The first step towards developing an appropriate ANN for the voltage stability monitoring is clarification of the goal of ANN and the problem in question. The problem defined in previous attempts is: “For a specific system condition, what would be the stability margin?” Specifying system condition includes obtaining system parameters and variables, such as voltage magnitude, active and reactive powers of the loads, etc. However, the problem in question in this paper is: “For a specific system condition and rates of load changes, what would be the stability margin?” The aspect of various load change scenarios is emphasized here since, based on the authors’ experiences, real power systems do not have a unique and identical load increase pattern in all load points. This feature leads to significant deficiencies of the existing ANN models in proper estimation of VSMs. Neither increasing ANN training samples nor applying different configuration of ANN could handle this complexity. To overcome this difficulty, the rates of various load changes should be predicted and inserted as inputs into the ANN.

To compute VSM, MATLAB-based open source software tool PSAT is employed by applying CPF method on sample cases. After generating appropriate sample cases for training, validating, and testing the designed ANN, MATLAB neural network toolbox is employed to estimate VSM [21, 24].

3.1 ANN structure

In this study, the standard multilayer perceptron (MLP) neural network consisting of one input layer, one output layer, and one hidden layer including 10 neurons is employed to predict VSM of the power system shown in Fig. 3. The Levenberg-Marquardt back-propagation algorithm is selected for the training phase of ANN.
Fig. 3

Simplified diagram of MLP neural network

3.2 Input variables selection

The issue of selecting input variables is a basic and determinative aspect in obtaining the best performance of the model. Regarding ANNs, there is no straight method to specify which input could lead the model to the highest efficiency [25]. The difficulty of selecting input features is due to the following items:
  1. 1)

    There are many available variables of which those improving performance of the model should be selected.

  2. 2)

    Selected variables should have less correlation to avoid redundancy.

  3. 3)

    Selected variables should have a potential in estimation of VSM; worthless features may even lead to malfunction.
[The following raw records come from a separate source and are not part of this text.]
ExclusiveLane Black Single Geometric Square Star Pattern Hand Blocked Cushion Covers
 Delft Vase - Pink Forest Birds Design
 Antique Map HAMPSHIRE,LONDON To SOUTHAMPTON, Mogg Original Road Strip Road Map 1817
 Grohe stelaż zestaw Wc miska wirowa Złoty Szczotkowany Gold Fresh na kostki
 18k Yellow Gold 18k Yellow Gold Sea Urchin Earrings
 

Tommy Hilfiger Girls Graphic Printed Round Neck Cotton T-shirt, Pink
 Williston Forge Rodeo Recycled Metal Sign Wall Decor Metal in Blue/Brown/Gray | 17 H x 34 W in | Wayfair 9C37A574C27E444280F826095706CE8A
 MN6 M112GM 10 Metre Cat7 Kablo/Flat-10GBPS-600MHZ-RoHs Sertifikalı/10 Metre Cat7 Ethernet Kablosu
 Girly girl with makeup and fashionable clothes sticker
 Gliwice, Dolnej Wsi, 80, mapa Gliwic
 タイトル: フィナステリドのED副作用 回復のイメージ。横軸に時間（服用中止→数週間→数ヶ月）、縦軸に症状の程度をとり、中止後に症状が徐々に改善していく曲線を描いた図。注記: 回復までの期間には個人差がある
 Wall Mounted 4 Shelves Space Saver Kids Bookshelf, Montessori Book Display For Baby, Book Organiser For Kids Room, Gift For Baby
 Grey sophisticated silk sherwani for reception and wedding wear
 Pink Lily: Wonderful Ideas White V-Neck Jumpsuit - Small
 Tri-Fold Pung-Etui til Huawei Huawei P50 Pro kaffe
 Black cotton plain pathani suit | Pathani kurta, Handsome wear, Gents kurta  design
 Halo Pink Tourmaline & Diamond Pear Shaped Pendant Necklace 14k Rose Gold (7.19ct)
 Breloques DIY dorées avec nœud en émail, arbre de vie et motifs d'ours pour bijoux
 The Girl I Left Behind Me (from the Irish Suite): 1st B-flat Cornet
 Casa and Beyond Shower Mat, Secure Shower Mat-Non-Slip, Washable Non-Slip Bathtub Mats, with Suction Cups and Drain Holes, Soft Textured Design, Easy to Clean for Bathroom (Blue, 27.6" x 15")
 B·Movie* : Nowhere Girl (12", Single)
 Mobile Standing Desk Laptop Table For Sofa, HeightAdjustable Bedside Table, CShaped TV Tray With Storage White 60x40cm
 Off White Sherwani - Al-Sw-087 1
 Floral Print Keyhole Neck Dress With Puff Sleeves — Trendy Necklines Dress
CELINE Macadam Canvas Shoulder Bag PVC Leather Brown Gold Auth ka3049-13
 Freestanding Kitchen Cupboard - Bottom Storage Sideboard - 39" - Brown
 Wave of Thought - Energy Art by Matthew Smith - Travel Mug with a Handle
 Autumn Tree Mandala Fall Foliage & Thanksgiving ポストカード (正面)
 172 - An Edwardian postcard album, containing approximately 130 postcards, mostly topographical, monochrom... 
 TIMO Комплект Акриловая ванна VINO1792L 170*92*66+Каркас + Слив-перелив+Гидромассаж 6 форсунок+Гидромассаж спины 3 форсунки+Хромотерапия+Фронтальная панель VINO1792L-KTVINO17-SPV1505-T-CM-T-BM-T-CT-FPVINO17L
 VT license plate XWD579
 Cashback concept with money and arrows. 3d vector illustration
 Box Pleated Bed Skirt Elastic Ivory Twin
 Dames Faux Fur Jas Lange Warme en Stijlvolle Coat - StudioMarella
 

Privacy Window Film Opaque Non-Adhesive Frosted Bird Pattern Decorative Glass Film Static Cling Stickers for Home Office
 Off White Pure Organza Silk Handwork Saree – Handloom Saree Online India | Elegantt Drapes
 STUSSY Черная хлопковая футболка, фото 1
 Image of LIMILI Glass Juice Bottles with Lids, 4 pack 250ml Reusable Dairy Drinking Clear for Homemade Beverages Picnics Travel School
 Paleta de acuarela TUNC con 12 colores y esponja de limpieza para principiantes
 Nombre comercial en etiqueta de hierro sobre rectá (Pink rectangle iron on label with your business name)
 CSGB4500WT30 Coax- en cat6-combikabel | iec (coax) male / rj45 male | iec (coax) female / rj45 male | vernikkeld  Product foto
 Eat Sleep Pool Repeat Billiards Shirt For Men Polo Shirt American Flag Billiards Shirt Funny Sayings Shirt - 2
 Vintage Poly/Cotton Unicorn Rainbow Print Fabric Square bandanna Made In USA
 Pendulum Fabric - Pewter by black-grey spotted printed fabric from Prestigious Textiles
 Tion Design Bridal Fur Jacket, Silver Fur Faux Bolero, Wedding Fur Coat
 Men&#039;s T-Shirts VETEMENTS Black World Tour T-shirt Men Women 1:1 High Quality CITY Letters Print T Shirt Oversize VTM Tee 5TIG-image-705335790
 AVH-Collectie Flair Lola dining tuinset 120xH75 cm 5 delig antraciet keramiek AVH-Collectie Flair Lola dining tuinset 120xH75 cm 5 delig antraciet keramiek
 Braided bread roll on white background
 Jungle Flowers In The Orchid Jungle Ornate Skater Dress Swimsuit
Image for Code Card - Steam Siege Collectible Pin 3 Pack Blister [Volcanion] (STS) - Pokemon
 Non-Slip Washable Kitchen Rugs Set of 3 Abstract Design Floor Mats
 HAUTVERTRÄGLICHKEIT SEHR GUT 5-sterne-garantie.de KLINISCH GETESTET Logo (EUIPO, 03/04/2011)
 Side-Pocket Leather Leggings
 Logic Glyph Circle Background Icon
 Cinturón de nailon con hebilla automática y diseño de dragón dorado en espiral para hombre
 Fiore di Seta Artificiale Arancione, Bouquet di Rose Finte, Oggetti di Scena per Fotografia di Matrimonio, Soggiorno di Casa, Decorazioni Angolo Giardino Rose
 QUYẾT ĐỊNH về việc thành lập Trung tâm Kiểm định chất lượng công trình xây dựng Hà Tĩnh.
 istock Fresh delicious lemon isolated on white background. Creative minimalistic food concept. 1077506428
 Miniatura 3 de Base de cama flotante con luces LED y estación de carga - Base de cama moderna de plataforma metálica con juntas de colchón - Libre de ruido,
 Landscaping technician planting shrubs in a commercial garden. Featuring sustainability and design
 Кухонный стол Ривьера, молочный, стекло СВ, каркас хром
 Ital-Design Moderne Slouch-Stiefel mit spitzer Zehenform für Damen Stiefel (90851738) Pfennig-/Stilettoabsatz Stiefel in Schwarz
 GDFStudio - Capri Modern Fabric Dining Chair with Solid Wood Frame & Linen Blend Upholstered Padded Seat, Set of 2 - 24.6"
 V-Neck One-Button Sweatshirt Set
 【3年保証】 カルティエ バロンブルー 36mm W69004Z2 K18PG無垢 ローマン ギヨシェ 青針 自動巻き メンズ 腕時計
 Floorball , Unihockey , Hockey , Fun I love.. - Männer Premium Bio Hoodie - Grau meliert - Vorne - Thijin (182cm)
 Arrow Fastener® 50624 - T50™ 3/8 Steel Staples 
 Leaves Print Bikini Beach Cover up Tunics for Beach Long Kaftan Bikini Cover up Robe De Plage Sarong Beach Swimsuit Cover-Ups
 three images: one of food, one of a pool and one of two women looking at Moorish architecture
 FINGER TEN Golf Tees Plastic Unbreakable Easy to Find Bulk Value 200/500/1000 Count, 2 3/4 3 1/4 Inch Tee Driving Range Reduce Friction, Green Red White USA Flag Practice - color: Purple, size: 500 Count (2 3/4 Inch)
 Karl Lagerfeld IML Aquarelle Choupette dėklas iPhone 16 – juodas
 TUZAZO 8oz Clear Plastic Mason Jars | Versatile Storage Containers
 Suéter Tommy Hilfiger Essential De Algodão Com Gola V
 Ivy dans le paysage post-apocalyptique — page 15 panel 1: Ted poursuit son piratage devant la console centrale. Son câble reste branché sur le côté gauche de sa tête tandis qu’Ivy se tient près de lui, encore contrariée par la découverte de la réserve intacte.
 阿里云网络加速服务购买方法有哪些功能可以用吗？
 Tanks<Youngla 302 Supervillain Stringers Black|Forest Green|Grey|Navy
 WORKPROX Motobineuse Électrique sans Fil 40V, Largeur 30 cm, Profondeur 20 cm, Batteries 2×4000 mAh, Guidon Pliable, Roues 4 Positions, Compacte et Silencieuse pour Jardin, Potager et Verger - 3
As indicated before, the combination of voltage angles and magnitudes of system buses as the input of ANN is the most effective feature combination in comparison to others, such as voltage magnitudes and reactive powers, etc. [16]. This deduction does not hold in the problem at hand since different rates of load changes are accommodated. Under these circumstances, a third input feature is needed. To do so, the rates of load changes are selected as the third input feature. In this way, ANN could directly learn how to respond along with different load change scenarios.

3.3 Data set generation

A wide range of possible states of the system and load change scenarios while having the minimum number of samples should be accounted for in generating ANN training data set. To do so, random variables are added to active and reactive powers of loads, active power of generators, voltage magnitude of PV buses, and the rate of load changes in load buses, respectively, as follows.
$$\left\{ \begin{aligned} P_{L}^{i} (j) = P_{L0}^{i} [1 + 2\Delta_{{P_{L} }} (0.5 - \varepsilon_{{P_{L} }}^{i} (j))] \hfill \\ Q_{L}^{i} (j) = Q_{L0}^{i} [1 + 2\Delta_{{Q_{L} }} (0.5 - \varepsilon_{{Q_{L} }}^{i} (j))] \hfill \\ \end{aligned} \right.$$
$$\left\{ \begin{aligned} P_{G}^{i} (j) = P_{G0}^{i} [1 + 2\Delta_{{P_{G} }} (0.5 - \varepsilon_{{P_{G} }}^{i} (j))] \hfill \\ V_{G}^{i} (j) = V_{G0}^{i} [1 + 2\Delta_{{V_{G} }} (0.5 - \varepsilon_{{V_{G} }}^{i} (j))] \hfill \\ \end{aligned} \right.$$
$$P_{Ld}^{i} (j) = P_{Ld0}^{i} [1 + 2\Delta_{{P_{Ld} }} (0.5 - \varepsilon_{{P_{Ld} }}^{i}(j))]$$
where \(P_{L0}^{i}\), \(Q_{L0}^{i}\), \(P_{G0}^{i}\), \(V_{G0}^{i}\), \(P_{Ld0}^{i}\) are the base cases of active and reactive power of load, active generation power, voltage magnitudes of generators, and the rate of changes in load bus i, respectively; \(P_{L}^{i} (j)\), \(Q_{L}^{i} (j)\), \(P_{G}^{i} (j)\)\(V_{G}^{i} (j)\), \(P_{Ld}^{i} (j)\) are jth samples of aforementioned variables. Random numbers in the range of zero up to one (\(\varepsilon_{{P_{L} }}^{i}\), \(\varepsilon_{{Q_{L} }}^{i}\), \(\varepsilon_{{P_{G} }}^{i}\), \(\varepsilon_{{V_{G} }}^{i}\), \(\varepsilon_{{P_{Ld} }}^{i}\)) are added to base values to generate new samples. Δ is the per unit value of range of variation and it is a known value. So, (4)–(6) represent random variables located within their associated feasible ranges. As an example for \(P_{L}^{i} (j)\), if ∆ equals to 0.3 (i. e. 30% variation from the base load) and \(\varepsilon_{{P_{L} }}^{i} (j)\) equals to 0.9, the active power load at bus i in the case j equals to 76% of the base case active power.
Loads increase in a fixed power factor fashion, that is:
$$\frac{{P_{L}^{i} (j)}}{{Q_{L}^{i} (j)}} = \frac{{P_{Ld}^{i} (j)}}{{Q_{Ld}^{i} (j)}}$$
where \(Q_{Ld}^{i} (j)\) is the rate of change in reactive power of the ith bus in jth sample. While \(P_{Ld}^{i} (j)\), \(P_{L}^{i} (j)\), \(Q_{L}^{i} (j)\) are dependent on random variables, \(Q_{Ld}^{i} (j)\) is a function of aforementioned variables and there is no need to use any extra random variable to generate \(Q_{Ld}^{i} (j)\).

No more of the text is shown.